Hacía dos semanas que mi mujer no llamaba. Yo tampoco había hecho por ello. Ese viernes de agosto subí más borracho que de costumbre y al asomarme al piso de mis vecinos vi que solo una de las dos mecedoras se movía. Me acerqué con paso inseguro y comprobé que la otra estaba vacía. Ahora solo el viejo se balanceaba mientras miraba (o no, nunca lo tuve claro) en la televisión unas pompas de jabón que flotaban en el aire y se mecían por un viento que no sonaba ni olía a nada. A pesar de ello, la imagen me pareció tranquilizadora. Esa ingravidez, la liviandad de las pompas y sus delicadas formas procuraban una calma extraña y reconfortante.
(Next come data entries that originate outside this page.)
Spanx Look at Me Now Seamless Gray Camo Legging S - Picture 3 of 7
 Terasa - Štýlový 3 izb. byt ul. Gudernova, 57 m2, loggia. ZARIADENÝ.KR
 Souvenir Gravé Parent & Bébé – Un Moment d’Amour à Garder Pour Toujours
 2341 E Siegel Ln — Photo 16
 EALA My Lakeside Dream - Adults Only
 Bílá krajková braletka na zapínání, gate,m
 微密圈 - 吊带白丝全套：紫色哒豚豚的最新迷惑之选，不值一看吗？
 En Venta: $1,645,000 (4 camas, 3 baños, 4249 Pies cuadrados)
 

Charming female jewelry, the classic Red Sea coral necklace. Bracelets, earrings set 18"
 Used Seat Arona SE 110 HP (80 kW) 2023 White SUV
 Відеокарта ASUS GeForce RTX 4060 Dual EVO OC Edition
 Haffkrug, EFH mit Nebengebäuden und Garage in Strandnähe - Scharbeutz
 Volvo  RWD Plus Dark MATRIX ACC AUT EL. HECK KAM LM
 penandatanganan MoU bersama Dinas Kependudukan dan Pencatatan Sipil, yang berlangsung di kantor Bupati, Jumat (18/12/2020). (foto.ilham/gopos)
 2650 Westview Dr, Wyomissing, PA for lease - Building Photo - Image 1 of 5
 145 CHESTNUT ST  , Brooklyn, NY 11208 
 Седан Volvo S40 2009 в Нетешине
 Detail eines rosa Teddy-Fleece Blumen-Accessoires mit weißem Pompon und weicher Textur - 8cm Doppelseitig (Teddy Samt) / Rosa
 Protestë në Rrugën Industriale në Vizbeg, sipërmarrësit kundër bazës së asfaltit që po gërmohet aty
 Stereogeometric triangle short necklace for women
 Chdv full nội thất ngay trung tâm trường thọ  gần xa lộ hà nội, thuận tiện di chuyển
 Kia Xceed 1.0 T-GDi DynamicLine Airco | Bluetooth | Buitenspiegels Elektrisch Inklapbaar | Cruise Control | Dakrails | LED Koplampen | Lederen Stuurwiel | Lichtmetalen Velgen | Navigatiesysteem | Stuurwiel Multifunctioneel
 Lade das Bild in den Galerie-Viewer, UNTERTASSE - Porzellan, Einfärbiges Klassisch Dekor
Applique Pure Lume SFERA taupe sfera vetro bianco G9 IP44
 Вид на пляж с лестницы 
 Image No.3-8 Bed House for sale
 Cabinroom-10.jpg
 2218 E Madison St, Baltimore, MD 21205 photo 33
Salí y cerré la puerta con todo el cuidado del que fui capaz.

Cuando entré en mi casa, antes de quedarme dormido sobre la colcha con la ropa puesta, supe que mi mujer y mi hija nunca vendrían y que yo seguiría subiendo cada viernes hasta que la mecedora del viejo se quedara vacía.

Esa noche soñé que me compraba una mecedora y una enorme tele de plasma donde veía una y otra vez auroras boreales.

El sábado, me levanté más despejado que nunca.